Don’t Look Ahead
COLUMBUS — There’s no need to preach to Ohio State offensive lineman Justin Boren about how good an underdog can be, or what one can accomplish.
You see, Boren has firsthand knowledge of one of the biggest upsets in college football history.
On Sept. 1, 2007, Boren played for Michigan when the fifth-ranked Wolverines were shocked 34-32 by championship-subdivision Appalachian State.
“Appalachian State was a good team. People think that these (unranked) teams are so much different, but they’re really not,” Boren said Tuesday. “They’re all very capable teams. Appalachian State was a very good team. People look at it and, like, dang, Michigan must be terrible. It’s not like that.”
Now in his second year starting since transferring to Ohio State, that afternoon is indelibly etched in Boren’s mind. With the second-ranked Buckeyes favored by more than four touchdowns over Ohio University on Saturday, Boren scoffs at what the oddsmakers and experts say.
“It seems like every year there’s a couple of those games,” he said. “It’s a real issue, it can happen any week.”
The Buckeyes are coming off a huge victory, a 36-24 decision over then-No. 12 Miami on Saturday.

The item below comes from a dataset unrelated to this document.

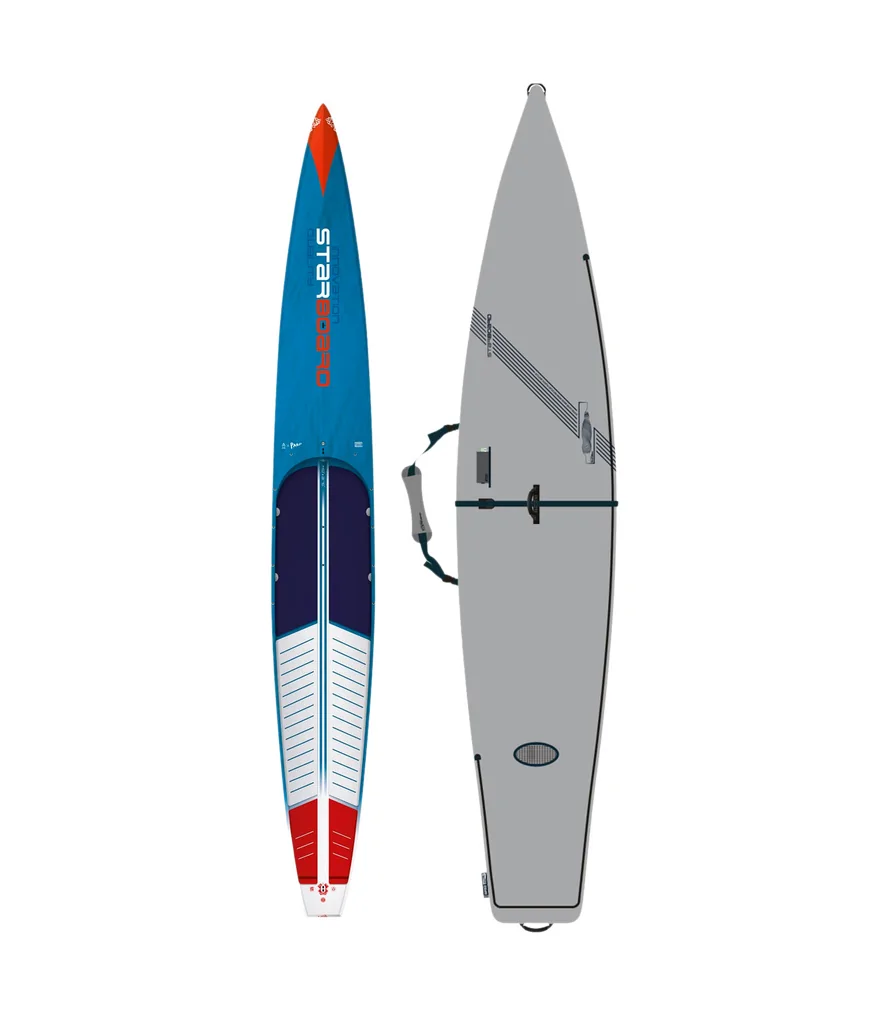 Starboard 20.75" Sprint Carbon Sandw. w/bag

They are well aware that their next four opponents — Ohio, Eastern Michigan, at Illinois and then home against Indiana — are given little chance of beating them.
But Boren recognizes that the gap between a great team and an unknown one isn’t as large as many might think.

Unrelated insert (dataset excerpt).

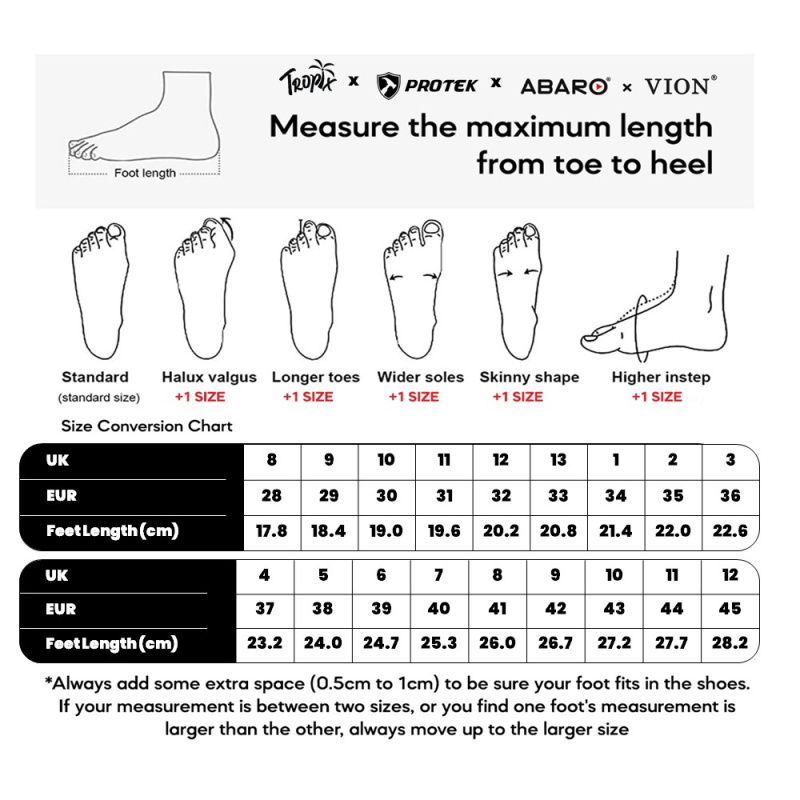 vendor28/size chart- w2628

“You think the talent’s going to be so much better on a No. 1- or a No. 2-ranked team and there are better players, but everyone that’s playing college football is a good player,” he said. “You have guys at Ohio U. who can play on some of these bigger programs.”
Ohio State coach Jim Tressel called the Miami game a bruising contest that was also highly emotional. Many times, it’s difficult for a team involved in a game like that to rise to the occasion a week later.
But Tressel said there are reasons why the Buckeyes won’t look past the instate Bobcats.
“The first thing that will make it difficult is OU will be tough and they’ll be good,” he said. “The second thing is reality, that when you play in an emotional game, is there that human tendency to take a deep breath? We kind of take the approach of showing the film, showing where we need to get better.”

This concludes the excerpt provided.